◆ WHAT YOU SHOULD DO:
Please repeat, exactly and without pictures, the lines of the entries below that run from the one containing "a living room" through the one containing "5-16-2018. Lomnicka, Slovakia.".

◆ RECORDS PROVIDED:
────────
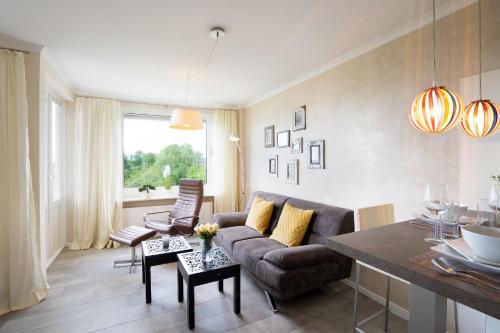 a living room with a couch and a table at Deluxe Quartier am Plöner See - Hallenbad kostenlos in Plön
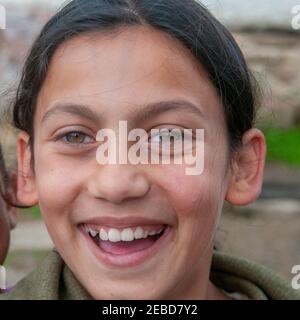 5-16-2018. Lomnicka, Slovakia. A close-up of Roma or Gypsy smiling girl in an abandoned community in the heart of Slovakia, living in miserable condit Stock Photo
────────
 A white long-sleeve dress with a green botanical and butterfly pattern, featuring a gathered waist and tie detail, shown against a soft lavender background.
────────
◆ WRITTEN RESPONSE:
 a living room with a couch and a table at Deluxe Quartier am Plöner See - Hallenbad kostenlos in Plön
 5-16-2018. Lomnicka, Slovakia. A close-up of Roma or Gypsy smiling girl in an abandoned community in the heart of Slovakia, living in miserable condit Stock Photo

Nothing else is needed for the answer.